SCHWIMMER: Excellent.

ANISTON: Good for me.

CRANE: Rachel is really difficult part because on the face of it, it could be a really unlikable character.

ANISTON: Well, maybe that's my decision. Well, maybe I don't need your money. Wait, wait, I said maybe.

CRANE: She's selfish, she's spoiled, she's just walked out on a guy during her wedding.

ANISTON: I was on another show at the time.

LITTLEFIELD: Jennifer Aniston was in first position to another series called "Muddling Through."

CRANE: If that show had succeeded, we had already shot like four, five episodes, we would have had to reshoot the first five episodes of "Friends" with another actress.

ANISTON: Are you going to eat that steak or argue with it?

LITTLEFIELD: We are going forward and we will do everything in our power to kill "Muddling Through."

ANISTON: Can you tell me something? How often do we have steak on the menu?

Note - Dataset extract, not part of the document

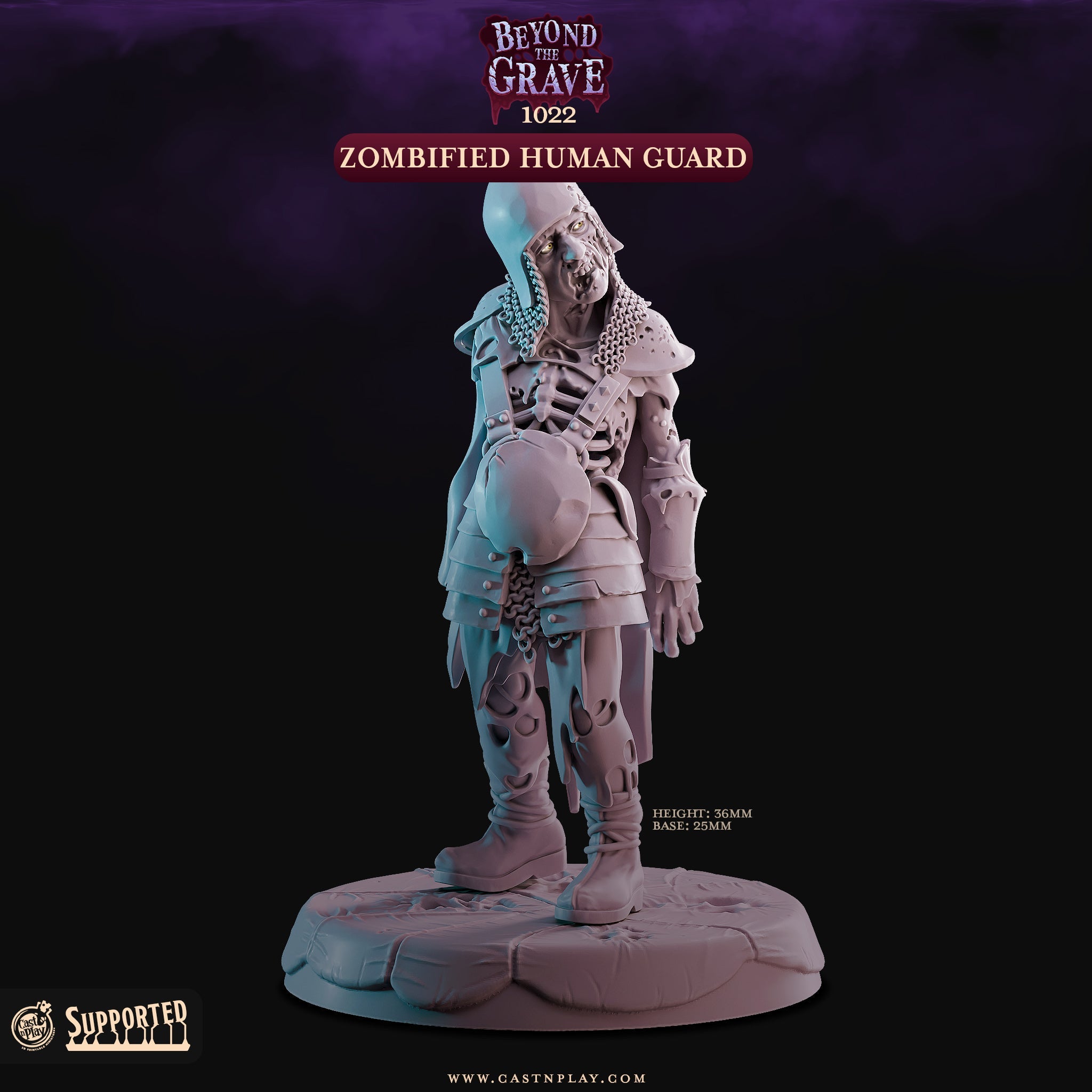 Zombified Human Guard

UNIDENTIFIED MALE: Gee, hardly ever.

ANISTON: That's right. So what you have there is a rare steak. LITTLEFIELD: And we said, all right, Danielle Steel movies up against

"Muddling Through." We'll talk out the audience that would probably watch that sitcom on a Saturday night and it worked.

PERRY: Saturday night, the big night. Date night, Saturday night. Saturday night. And now you're choking.

UNIDENTIFIED FEMALE: Are you all right?

PERRY: OK. I don't sound like that. That is so not true. That is so not. That is so not -- that -- oh, shut up.

CAMEROTA: Matthew Perry.

KAUFFMAN: Yes.

CAMEROTA: You really wanted him.

KAUFFMAN: He was the first person we offered Chandler to and he was doing another show called "LAX."

CAMEROTA: "LAX 2194."

PERRY: It's about baggage handlers in the year 2194. I sorted out alien's luggage.

CAMEROTA: That is not a winning title.

KAUFFMAN: No, it's not. It's not. But that was in first position.

CARTER: That happens when you find a talent that you think is perfect for a role and you'll take the chance, the other show will fail and they will become available.

KAUFFMAN: We were a little nervous about it but we saw a million people. Even made an offer to someone else. And --

CAMEROTA: Who?

KAUFFMAN: Oh, no.

CAMEROTA: It's the 25th anniversary. Now the truth can be told.

KAUFFMAN: He's a lovely actor named Craig Bierko.

CAMEROTA: Yes?

KAUFFMAN: And he didn't want to do an ensemble show.

CAMEROTA: I'm going to go with not Craig's best decision.

(LAUGHTER)

SCHWIMMER: Today is the day Carol and I first consummated our physical relationship. Sex. I don't know. You don't want to mess with corn nuts. They are crazy. CRANE: We had auditioned David for a previous pilot. As we started

writing this script, we thought you know who would be good for Ross? David Schwimmer. Remember David Schwimmer? He would be great for this.

SCHWIMMER: I guess they remembered me.

KAUFFMAN: There was something about his expression and his delivery and this guy who was sort of a victim of the world that we just loved. Just loved it.

KUDROW: Oh, oh, oh, my butt cheek is waking up. Oh. OK. Thank you very much. Hey, what's going on? Oh, oh, oh. So great.

CAMEROTA: Lisa Kudrow.

KAUFFMAN: She came into the audition and nailed it. She just nailed it.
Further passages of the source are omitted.